1 - Havza modelinde bakliyat ön plana çıkmalı

Havza modelinin geçtiğimiz dönemde gündeme geldiğini ancak çok fazla havza bölgesi önerildiğini aktaran Arslan, her havzada her ürünün ekilebileceği gibi bir algı oluştuğunu ve bir anlamının kalmadığını anlattı. Arslan, havza modelinde üretimi artması gereken ürünün ekiminin destek primleri ile teşvik edilmesi gerektiğine işaret ederek, “Havza modelinde özellikle bakliyat üretiminin teşvik edilmesi oldukça önemli. Bakliyat 21’inci yüzyılın bitkisi haline geldi. Çağımızın hastalığı olan obeziteyi önlüyor. Ayrıca insan sağlığına ciddi faydaları var.
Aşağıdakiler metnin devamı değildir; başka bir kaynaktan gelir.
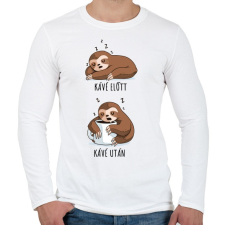 PRINTFASHION Kávé előtt kávé után - Férfi hosszú ujjú póló - Fehér férfi póló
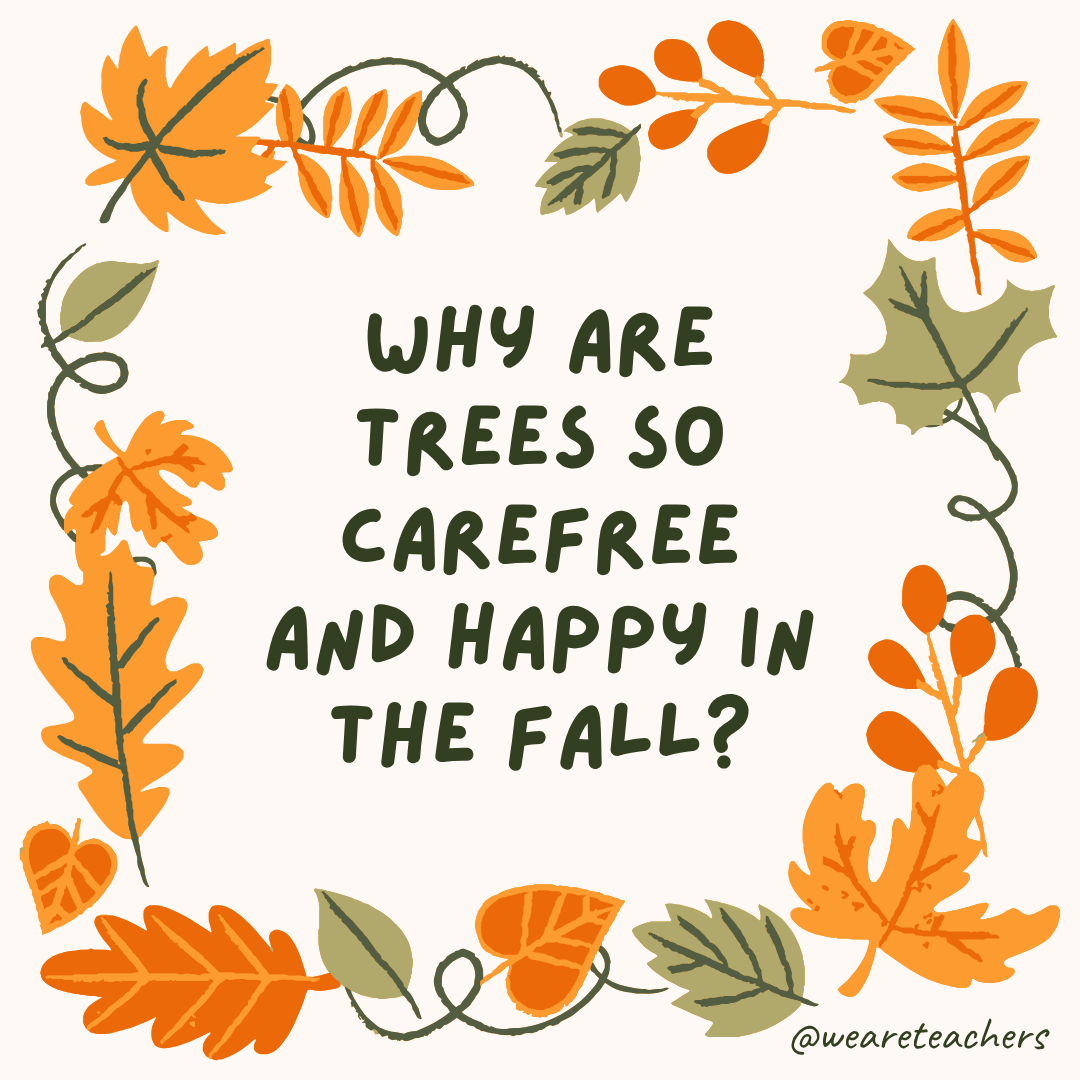Fall Jokes an image of a fall joke surrounded by fall leaves and vines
Bunun yanı sıra toprağa verdiği azot sayesinde toprağı besliyor ve güçlendiriyor. Bu nedenle bakliyat ekimi geleceğimiz için elzem” dedi.

2 - Nüfus artışına göre ekim planı yapılmalı

Dünya nüfusunun her yıl anormal düzeyde artış gösterdiğini belirten Arslan, 10 yıl önce Hindistan ile Çin arasında 500 milyon nüfus farklı olduğuna, ancak şuan bu farkın da ortadan kalktığına dikkat çekti. Arslan, “Nüfus hareketlerini de dikkate alarak üretimde planlamaya gidilmesi gerekiyor. Özellikle bakliyat üretimi artmalı. Bunun için de yeni tohumlar geliştirilmeli" dedi.

3 - UrGe projeleri ile küçük işletmelere yeni pazarlar açıyoruz

AHBİB olarak 2 URGE projesi düzenlediklerini belirten Arslan, özellikle küçük ölçekli ihracatçı firmalara pazarlama teknikleri ve firmalarının gelişimi ile ilgili eğitimler verdiklerini kaydetti. Arslan, bu projelere yaklaşık 50 firmanın katıldığını anlatarak, “Bu proje ile firmaları yurtdışı fuarlarına götürerek ihraç kanallarını nasıl genişletecekleri konusunda bilgilendirme yapıyoruz. Masraflarının yüzde 75’ni de bakanlık destekliyor. Firmalar bu sayede yeni firmalarla tanışarak farklı pazarlara açılabiliyorlar” ifadelerinde bulundu.